Chasing poly(A) tails to define where genes end.
Genes are encoded within DNA, but when genes are switched on, they are copied into a related molecule called RNA. For messenger RNAs, the end point of the RNA is defined in two steps: first by a cleavage reaction at what we call a poly(A) signal, then by the addition of a long stretch of Adenines which we call the poly(A) tail. The poly(A) tail helps to protect the RNA from decay, find its way around the cell and helps the mRNA to be translated into protein.

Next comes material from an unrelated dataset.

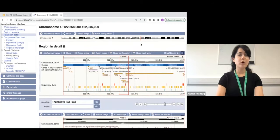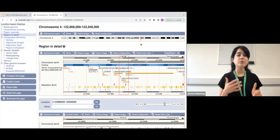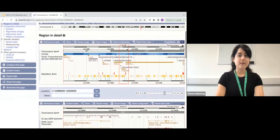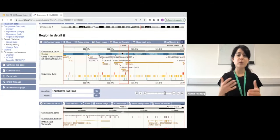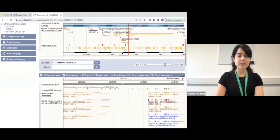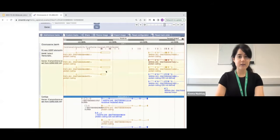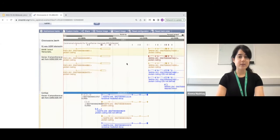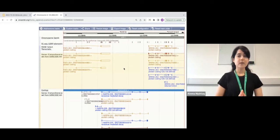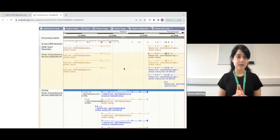Each view is a more zoomed-in version of the last. We have the chromosome view, then the region in detail view showing a bit more detail of the area searched for. Scrolling further down, we see our entire region of interest, and you can see some transcripts overlapping this region. By default, we don't show all of the information — as the page would take a long time to load — but you do have the option to configure the page using 'Configure This Page' on the left-hand side.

Knowing where a gene ends is hugely important: First, it defines what a gene codes for, affecting the function of that gene and how it can be controlled. Second, if poly(A) site selection doesn’t happen properly, it can cause disease or be a feature of disease (recent work with human cells revealed global changes in poly(A) site choice in cancer tissue). Third, knowing where a gene ends is central to understanding genomes. Sequencing genomes has become relatively routine, but defining and annotating what they encode remains a huge challenge. Cleavage and polyadenylation effectively partitions the genome, maintaining expression of neighbouring genes. Knowing where cleavage and polyadenylation happens helps us tell where genes start and stop.
We became interested in this area almost by accident: We were studying how plants control the time at which they flower, a fundamental developmental transition carefully controlled to ensure that flowering takes place in conditions favourable for reproductive success. Underpinning the quantitative control of flowering time is a complex network of gene regulation. Working with late flowering mutants of the model plant Arabidopsis thaliana we discovered that the genes disrupted in these mutants encoded proteins that functioned to control the site of cleavage and polyadenylation of RNA. We therefore discovered that a biological consequence of controlling where genes end is the time at which plants flower.
Since the realisation that the regulation of alternative poly(A) site choice is widespread, there is now intense interest in understanding how this is controlled.
We have used third generation direct RNA sequencing to define where 3’ end formation occurs genome-wide using a range of Arabidopsis mutants to uncover this control. This first direct sequencing of RNA from any plant species has helped us to better understand how the genome is organised and how it should be annotated. It has also helped us to discover RNAs that aren’t translated into protein – so called non-coding RNAs that have previously been missed or disregarded because they are difficult to identify or predict what they do. Thus our RNA sequencing work has led us into several exciting new areas.
We are passionate about discovering things that have never been found before. Working with Arabidopsis has helped us do that. As our experience in this area has grown we have become interested in translating our expertise and understanding of the impacts of poly(A) site choice on gene function and genome organisation to crop plants essential for food security and into biomedical contexts as well.